Details have emerged of how a Boeing 757 with over 200 people on board came across a groundkeeper on a ride-on lawn mower trundling down the runway at Dublin Airport in the middle of the night.
The groundskeeper was not aware of the aircraft until he heard the roar of its engines racing down the runway behind him and the wings of the aircraft passed over him.
Today the Irish Air Accident Investigation Unit published its final report into the incident, which could have had catastrophic consequences.
The aircraft with eight crew and 198 passengers was landing in Dublin on a chartered flight from Sharm el Sheikh in Egypt just before 3am on 29 May last.
Visibility was poor when the plane had landed on Runway 10 and was decelerating when the cockpit crew noticed something on the right-hand side of the runway.
'I could have sworn I saw a man riding a lawn mower,' the co-pilot is reported as saying.
The matter was immediately reported to the Air Movement Controller in Dublin Airport who replied: 'I don't believe it. They told me they were clear of the runway.'
The groundskeeper got off the runway seconds after the aircraft passed him. The plane parked as planned and everyone disembarked safely. No one was injured.

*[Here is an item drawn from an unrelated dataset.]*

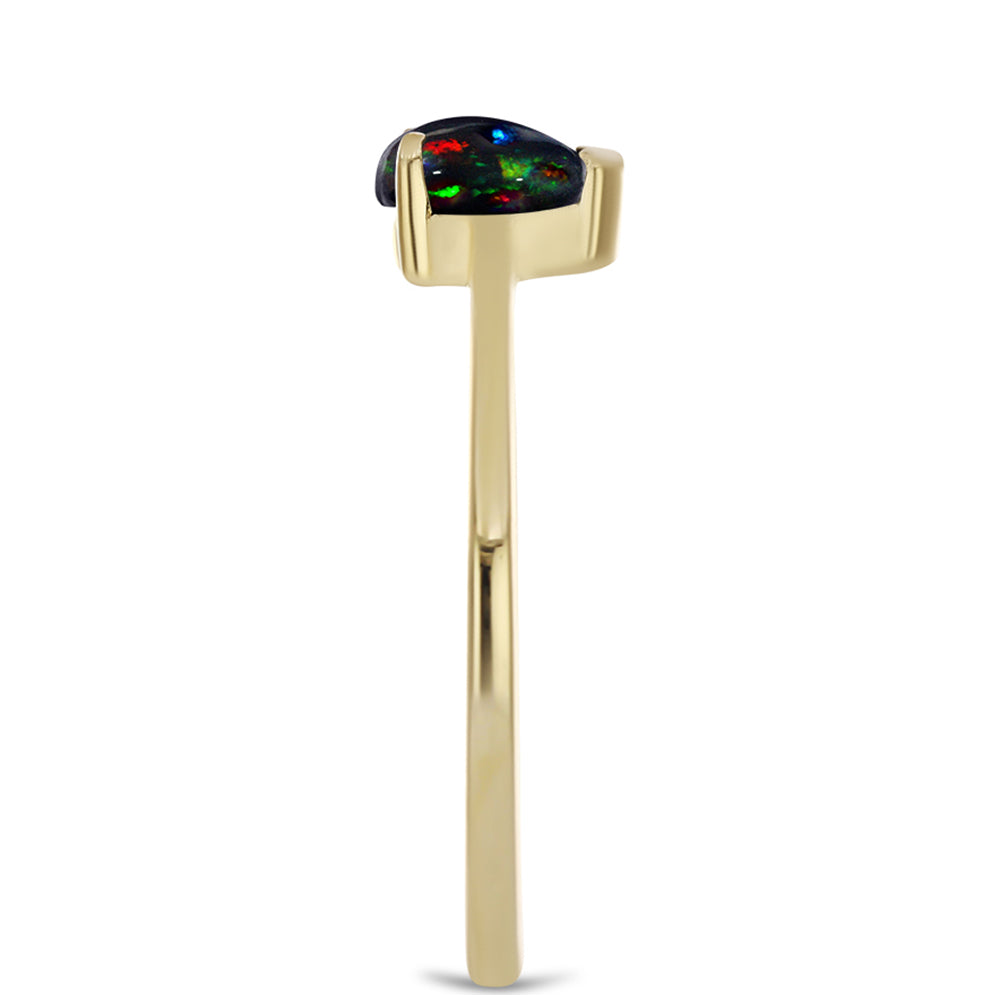 schmuckgarnitur aus Goldplattierte Silber mit mitternachtsschwarzem äthiopischen Opal aus Lega Dembi 7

The AAIU report states that there had been problems cutting the grass due to bad weather and a number of pilots had reported that lights were obstructed by tall grass.

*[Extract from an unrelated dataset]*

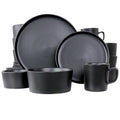 20-Piece Matte Black Stoneware Dinnerware Set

The Dublin Airport Authority decided that cutting the grass was a priority and that was being done on the night in question.
However, grass-cutting operations were halted due to poor visibility. While two of the three grass-cutting machines left the area, there was a misunderstanding with the driver of the third vehicle.
He did not leave the area immediately. Instead he was proceeding down the runway to take a slip road when the aircraft landed.
In their final report, the AAIU states that the ride-on mower did not have adequate radio communications or lighting equipment. The tractor mower has since been replaced.
The final report also states that there were deficiencies in one airport regulation and in training of DAA personnel involved in this incident.
It recommends the DAA review their training programmes.